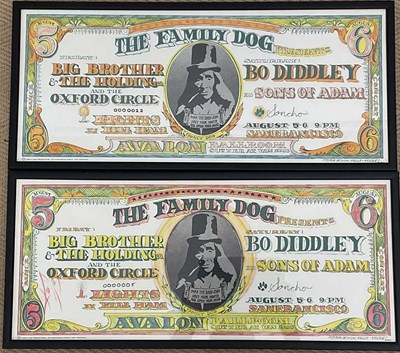 Lot 2598 - A pair of posters, 'The Family Dog Presenting...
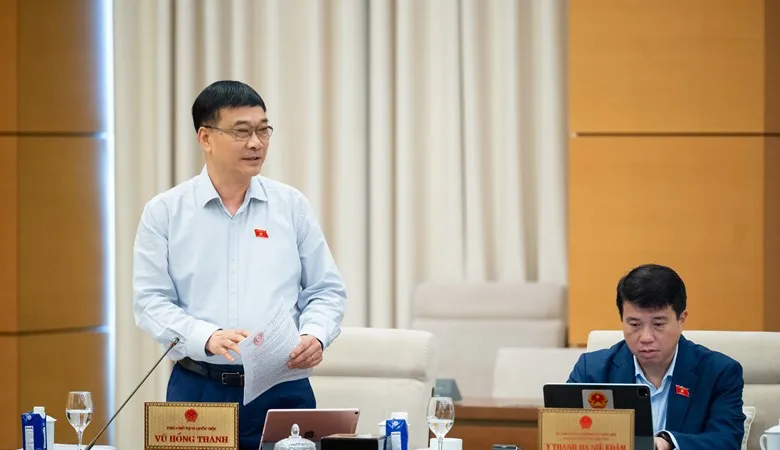 Phó Chủ tịch Quốc hội Vũ Hồng Thanh tổng kết nội dung thảo luận 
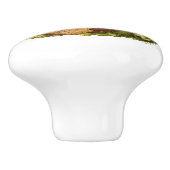 Niedlicher Holzfäller Chipmunk Keramikknauf (Seitenansicht)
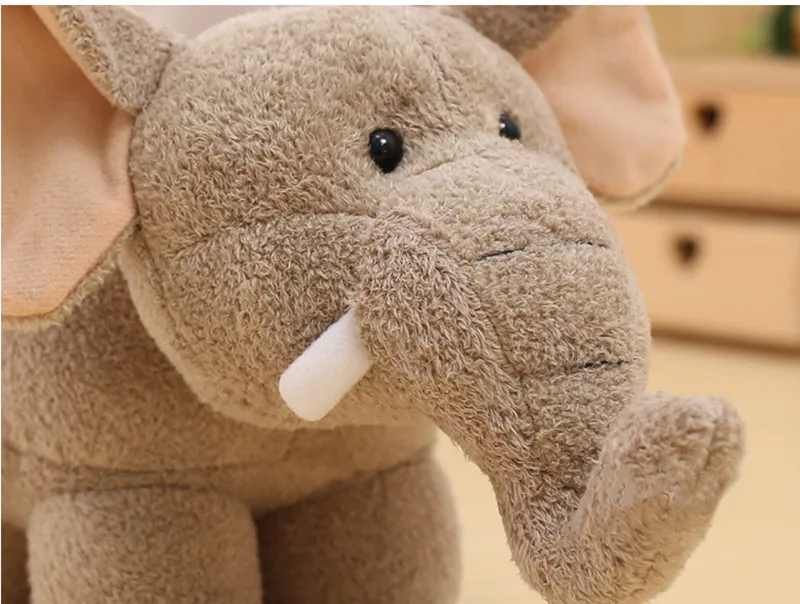 Cute Q Hippo Plush Doll Elephant Stuffed Toy Accompany Sleeping Doll Bedtime Story Educational Toy4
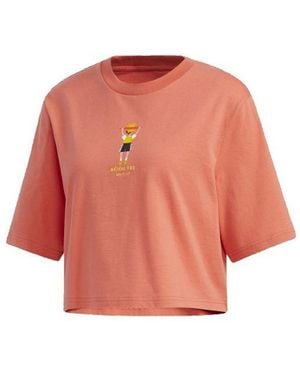adidas (Wmns) Neo Casual Sports Short Sleeve - Orange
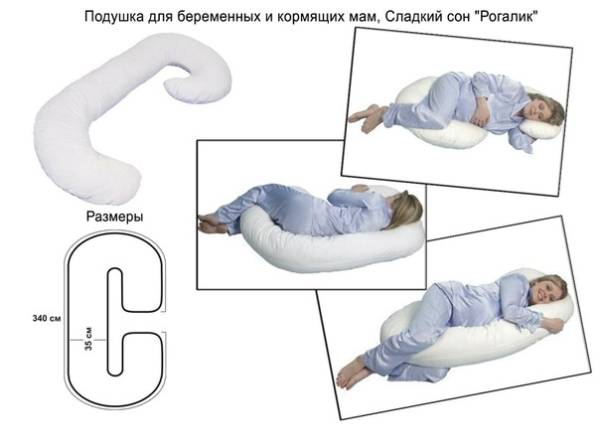 Полезные советы: как пошить подушку для беременных своими руками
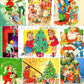 Vintage Printable Midcentury Christmas Children Childhood Magic Card Images PDF Instant Digital Download MCM Holiday Kids Collages Clipart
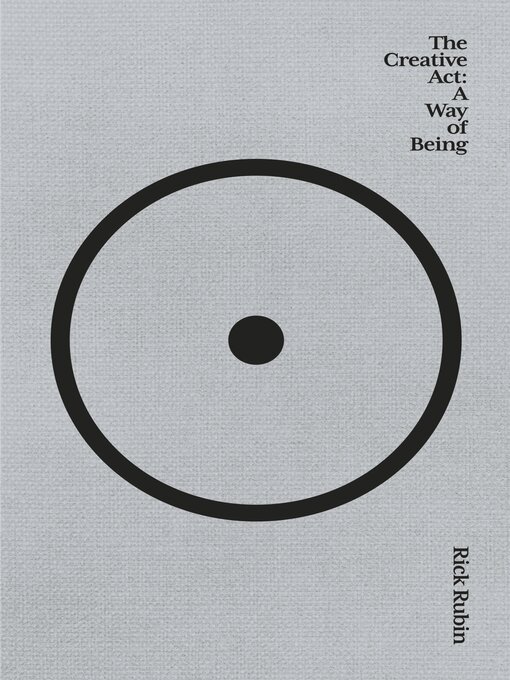 Title details for The Creative Act by Rick Rubin - Wait list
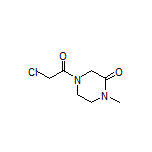 4-(2-Chloroacetyl)-1-methylpiperazin-2-one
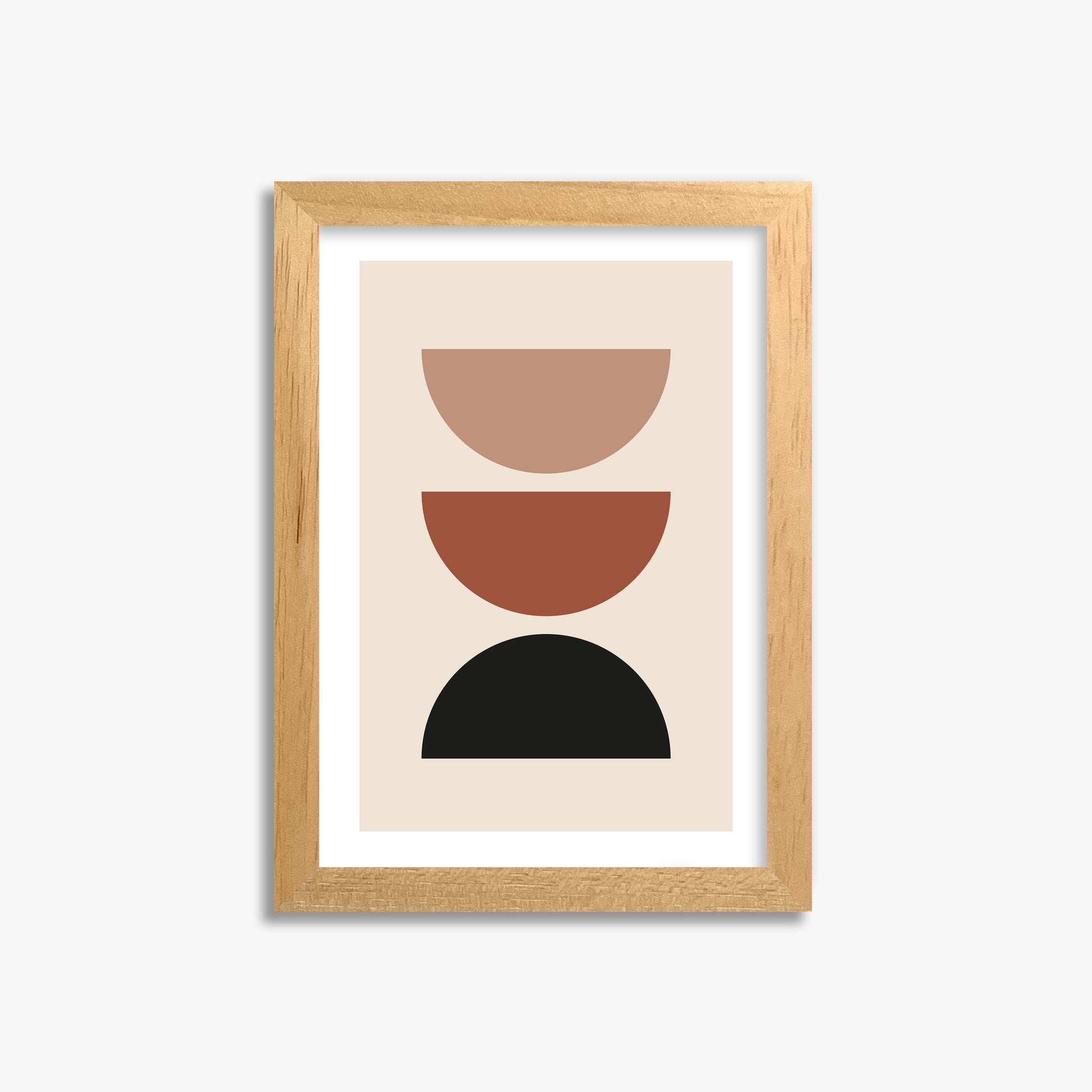 Earthy Balance, 21x30cm Oak Framed Art Reproduction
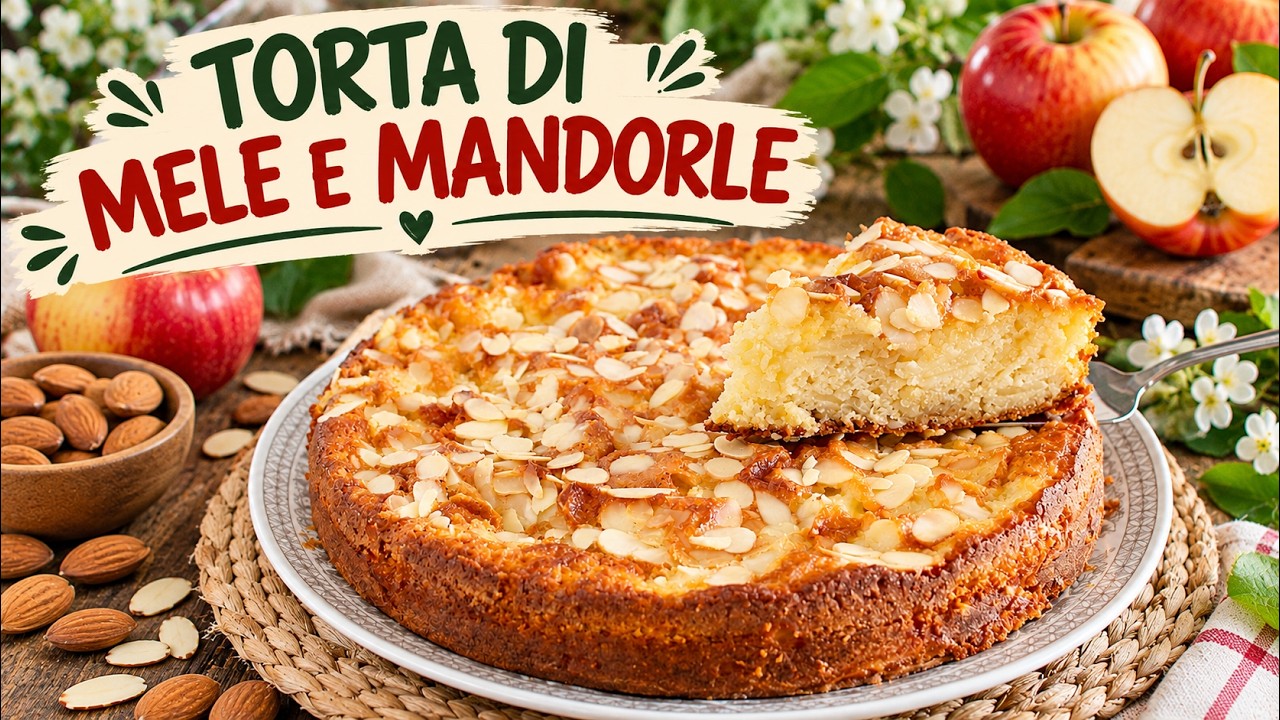 TORTA DI MELE E MANDORLE 🍎🍏soffice e umida- La cucina di Rita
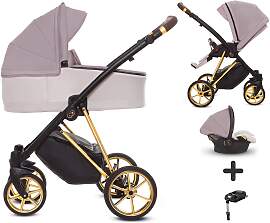 TPFLiving 4in1 Kinderwagen Ultra Stoff - Pastell /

+ + + + + + +

• [TASK DIRECTIONS]: With the pictures omitted, set down each line exactly, starting at the first line of the records above and ending with the line that contains "adidas (Wmns) Neo".

• [REPLY]:
 Lot 2598 - A pair of posters, 'The Family Dog Presenting...
 Phó Chủ tịch Quốc hội Vũ Hồng Thanh tổng kết nội dung thảo luận 
 Niedlicher Holzfäller Chipmunk Keramikknauf (Seitenansicht)
 Cute Q Hippo Plush Doll Elephant Stuffed Toy Accompany Sleeping Doll Bedtime Story Educational Toy4
adidas (Wmns) Neo Casual Sports Short Sleeve - Orange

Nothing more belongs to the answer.